Distributed Cloud Ipv6: subcloud out-of-sync after initial setup

Bug #1859242 reported by Peng Peng on 2020-01-10
8
This bug affects 1 person
Affects Status Importance Assigned to Milestone
StarlingX
Medium
Dariush Eslimi

Bug Description

Brief Description
-----------------
After distributed cloud system controller installed success, try to add subcloud. Subcloud added successfully, it shows online, but out-of-sync.
After unmanage/manage, subcloud comes back in-sync.

Severity
--------
Major

Steps to Reproduce
------------------
install DC system controller
install subcloud
check subcloud status

TC-name: DC install

Expected Behavior
------------------
subcloud shows in-sync

Actual Behavior
----------------
shows out-of-sync

Reproducibility
---------------
Reproducible
2/4
After 4 subclouds installed, 2 of them has this issue

System Configuration
--------------------
Multi-node system

Lab-name: WCP_80-91

Branch/Pull Time/Commit
-----------------------
"2020-01-06_08-04-16"

Last Pass
---------
2019-12-13_19-03-42

Timestamp/Logs
--------------
[sysadmin@controller-0 ~(keystone_admin)]$ dcmanager subcloud list
+----+-----------+------------+--------------+---------------+-------------+
| id | name | management | availability | deploy status | sync |
+----+-----------+------------+--------------+---------------+-------------+
| 2 | subcloud1 | managed | online | complete | out-of-sync |
| 3 | subcloud4 | managed | online | complete | in-sync |
| 4 | subcloud5 | managed | online | complete | in-sync |
| 5 | subcloud6 | managed | online | complete | out-of-sync |
+----+-----------+------------+--------------+---------------+-------------+
[sysadmin@controller-0 ~(keystone_admin)]$ dcmanager subcloud show 2
+-----------------------------+----------------------------+
| Field | Value |
+-----------------------------+----------------------------+
| id | 2 |
| name | subcloud1 |
| description | None |
| location | None |
| software_version | 20.01 |
| management | managed |
| availability | online |
| deploy_status | complete |
| management_subnet | fd01:2::0/64 |
| management_start_ip | fd01:2::2 |
| management_end_ip | fd01:2::11 |
| management_gateway_ip | fd01:2::1 |
| systemcontroller_gateway_ip | fd01:1::1 |
| created_at | 2020-01-09 16:23:50.672338 |
| updated_at | 2020-01-09 17:29:37.566852 |
| identity_sync_status | unknown |
| patching_sync_status | in-sync |
| platform_sync_status | unknown |
+-----------------------------+----------------------------+

Test Activity
-------------
install

Peng Peng (ppeng) on 2020-01-10
description: updated
description: updated
Tao Liu (tliu88) wrote :
Download full text (3.2 KiB)

I took a look at the lab, and found that both subcloud 1 & 6 out-of-sync were caused by the same error.
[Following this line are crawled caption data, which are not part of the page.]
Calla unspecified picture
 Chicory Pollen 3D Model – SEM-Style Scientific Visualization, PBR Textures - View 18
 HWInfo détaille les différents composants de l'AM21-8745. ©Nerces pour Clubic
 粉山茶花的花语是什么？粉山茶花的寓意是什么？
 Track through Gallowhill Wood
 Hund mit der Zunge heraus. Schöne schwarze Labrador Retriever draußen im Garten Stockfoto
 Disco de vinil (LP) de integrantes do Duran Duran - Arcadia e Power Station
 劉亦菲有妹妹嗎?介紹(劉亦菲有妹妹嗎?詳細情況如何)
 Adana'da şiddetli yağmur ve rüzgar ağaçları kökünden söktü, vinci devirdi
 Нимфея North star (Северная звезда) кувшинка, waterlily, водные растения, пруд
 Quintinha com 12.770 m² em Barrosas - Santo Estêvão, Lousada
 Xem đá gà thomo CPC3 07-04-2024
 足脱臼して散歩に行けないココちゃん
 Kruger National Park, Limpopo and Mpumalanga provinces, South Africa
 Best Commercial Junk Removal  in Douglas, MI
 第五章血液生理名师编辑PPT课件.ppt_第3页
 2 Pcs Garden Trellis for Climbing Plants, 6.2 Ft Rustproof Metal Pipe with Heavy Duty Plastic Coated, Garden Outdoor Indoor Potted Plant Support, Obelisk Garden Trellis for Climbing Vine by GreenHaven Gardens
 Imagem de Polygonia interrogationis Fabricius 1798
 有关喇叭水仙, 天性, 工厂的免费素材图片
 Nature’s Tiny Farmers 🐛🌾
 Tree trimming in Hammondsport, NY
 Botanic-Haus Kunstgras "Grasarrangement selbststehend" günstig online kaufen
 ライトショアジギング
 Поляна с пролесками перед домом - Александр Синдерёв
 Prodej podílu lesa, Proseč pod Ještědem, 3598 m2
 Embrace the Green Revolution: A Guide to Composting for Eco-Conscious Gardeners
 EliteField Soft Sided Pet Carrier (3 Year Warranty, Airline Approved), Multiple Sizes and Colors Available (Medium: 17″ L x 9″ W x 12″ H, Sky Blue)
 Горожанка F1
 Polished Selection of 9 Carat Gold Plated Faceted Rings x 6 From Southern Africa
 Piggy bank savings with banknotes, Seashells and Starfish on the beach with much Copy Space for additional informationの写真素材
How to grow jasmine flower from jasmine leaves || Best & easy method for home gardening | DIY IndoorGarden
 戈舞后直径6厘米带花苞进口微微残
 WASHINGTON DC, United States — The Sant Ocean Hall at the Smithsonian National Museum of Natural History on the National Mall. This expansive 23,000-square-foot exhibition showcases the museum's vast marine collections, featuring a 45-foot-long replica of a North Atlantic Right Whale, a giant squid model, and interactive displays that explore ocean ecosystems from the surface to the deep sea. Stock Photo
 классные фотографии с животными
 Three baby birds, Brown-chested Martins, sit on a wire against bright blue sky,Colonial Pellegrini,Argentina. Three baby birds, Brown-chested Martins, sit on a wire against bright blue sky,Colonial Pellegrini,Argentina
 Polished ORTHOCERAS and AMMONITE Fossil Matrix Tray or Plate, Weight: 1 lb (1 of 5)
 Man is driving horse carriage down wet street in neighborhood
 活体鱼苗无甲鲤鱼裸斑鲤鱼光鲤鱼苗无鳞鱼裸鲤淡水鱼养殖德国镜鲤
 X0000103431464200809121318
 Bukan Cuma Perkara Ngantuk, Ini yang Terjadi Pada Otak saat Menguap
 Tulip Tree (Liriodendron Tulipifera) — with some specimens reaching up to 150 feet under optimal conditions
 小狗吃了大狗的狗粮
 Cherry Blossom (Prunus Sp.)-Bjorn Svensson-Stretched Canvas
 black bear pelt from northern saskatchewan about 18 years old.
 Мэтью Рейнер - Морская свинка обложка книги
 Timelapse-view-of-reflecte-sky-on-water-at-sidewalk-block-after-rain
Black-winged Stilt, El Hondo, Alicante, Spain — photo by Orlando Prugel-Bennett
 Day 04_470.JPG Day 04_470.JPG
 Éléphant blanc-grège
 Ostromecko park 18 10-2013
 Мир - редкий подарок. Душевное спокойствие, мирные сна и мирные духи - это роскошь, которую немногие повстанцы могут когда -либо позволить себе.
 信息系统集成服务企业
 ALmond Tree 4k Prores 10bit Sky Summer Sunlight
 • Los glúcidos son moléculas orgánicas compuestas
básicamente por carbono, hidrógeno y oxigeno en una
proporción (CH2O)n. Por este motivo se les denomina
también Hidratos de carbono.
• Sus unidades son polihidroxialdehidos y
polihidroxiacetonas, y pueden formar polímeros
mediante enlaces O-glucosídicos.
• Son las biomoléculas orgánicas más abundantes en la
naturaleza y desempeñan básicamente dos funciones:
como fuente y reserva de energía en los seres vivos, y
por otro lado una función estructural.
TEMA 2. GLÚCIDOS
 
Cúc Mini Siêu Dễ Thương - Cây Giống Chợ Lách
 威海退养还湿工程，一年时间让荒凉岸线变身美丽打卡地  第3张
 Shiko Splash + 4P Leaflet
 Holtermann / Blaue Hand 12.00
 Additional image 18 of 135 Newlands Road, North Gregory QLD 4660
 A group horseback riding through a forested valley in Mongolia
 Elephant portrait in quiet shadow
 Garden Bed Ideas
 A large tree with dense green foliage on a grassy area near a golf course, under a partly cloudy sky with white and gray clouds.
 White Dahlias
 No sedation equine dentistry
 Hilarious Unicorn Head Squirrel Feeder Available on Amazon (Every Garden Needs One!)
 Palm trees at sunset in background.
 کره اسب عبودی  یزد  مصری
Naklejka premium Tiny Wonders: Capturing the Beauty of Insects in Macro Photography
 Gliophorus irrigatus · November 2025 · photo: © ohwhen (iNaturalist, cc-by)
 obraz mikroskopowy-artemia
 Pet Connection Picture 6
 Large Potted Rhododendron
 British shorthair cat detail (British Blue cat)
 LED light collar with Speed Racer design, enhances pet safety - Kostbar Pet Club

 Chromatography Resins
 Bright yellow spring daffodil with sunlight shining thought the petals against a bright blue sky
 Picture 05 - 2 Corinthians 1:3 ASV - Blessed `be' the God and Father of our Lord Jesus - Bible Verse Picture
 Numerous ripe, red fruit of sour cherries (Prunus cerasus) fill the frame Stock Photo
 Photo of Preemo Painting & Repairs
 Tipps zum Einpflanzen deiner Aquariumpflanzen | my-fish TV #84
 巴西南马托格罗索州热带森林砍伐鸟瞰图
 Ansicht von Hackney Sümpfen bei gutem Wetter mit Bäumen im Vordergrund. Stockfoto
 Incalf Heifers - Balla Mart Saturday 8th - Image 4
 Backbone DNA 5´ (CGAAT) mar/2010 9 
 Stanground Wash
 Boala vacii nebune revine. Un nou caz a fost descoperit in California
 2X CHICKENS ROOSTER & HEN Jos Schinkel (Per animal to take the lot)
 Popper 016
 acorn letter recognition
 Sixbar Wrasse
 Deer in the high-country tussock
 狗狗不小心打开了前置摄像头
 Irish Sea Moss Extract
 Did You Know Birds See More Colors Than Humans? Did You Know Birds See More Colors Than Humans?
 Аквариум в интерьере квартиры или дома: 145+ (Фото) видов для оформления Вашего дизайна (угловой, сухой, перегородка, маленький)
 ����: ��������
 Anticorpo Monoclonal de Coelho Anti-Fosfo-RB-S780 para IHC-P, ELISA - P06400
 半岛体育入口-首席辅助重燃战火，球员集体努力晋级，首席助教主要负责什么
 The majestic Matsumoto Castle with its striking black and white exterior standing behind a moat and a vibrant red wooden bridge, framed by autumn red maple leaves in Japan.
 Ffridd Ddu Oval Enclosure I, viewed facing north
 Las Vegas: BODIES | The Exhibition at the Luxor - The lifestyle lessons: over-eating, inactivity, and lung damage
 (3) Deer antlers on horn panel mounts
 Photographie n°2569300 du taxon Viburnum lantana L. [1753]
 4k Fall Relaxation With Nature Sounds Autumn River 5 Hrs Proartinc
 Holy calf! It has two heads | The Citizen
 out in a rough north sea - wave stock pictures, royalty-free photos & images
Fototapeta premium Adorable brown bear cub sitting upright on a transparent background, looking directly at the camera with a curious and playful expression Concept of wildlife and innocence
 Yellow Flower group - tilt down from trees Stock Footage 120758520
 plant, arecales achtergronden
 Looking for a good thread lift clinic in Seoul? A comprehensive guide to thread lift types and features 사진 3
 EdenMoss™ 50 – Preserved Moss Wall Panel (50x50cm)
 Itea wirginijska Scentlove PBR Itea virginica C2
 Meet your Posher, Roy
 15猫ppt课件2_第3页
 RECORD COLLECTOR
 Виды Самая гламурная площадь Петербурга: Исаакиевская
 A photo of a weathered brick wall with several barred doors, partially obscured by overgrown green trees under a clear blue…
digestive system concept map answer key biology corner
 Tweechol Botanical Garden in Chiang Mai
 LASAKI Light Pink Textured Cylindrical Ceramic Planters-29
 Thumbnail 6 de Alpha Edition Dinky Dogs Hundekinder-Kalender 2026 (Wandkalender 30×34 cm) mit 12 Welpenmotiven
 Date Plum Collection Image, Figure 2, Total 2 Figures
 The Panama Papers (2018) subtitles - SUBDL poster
The dcmanager failed to notify the dcorch about the subcloud state change due to an exception from the dcorch. The exception was originated from the dbsyncclient due to ‘Unauthorized request’.

There is no retry for RPC notification and no more subcloud state change to trigger a new notification. As a result, the subcloud 1 & 6 were offline in the dcorch and sync states were not updated.

After un-manage/manage subcloud 1 &6, the system recovered.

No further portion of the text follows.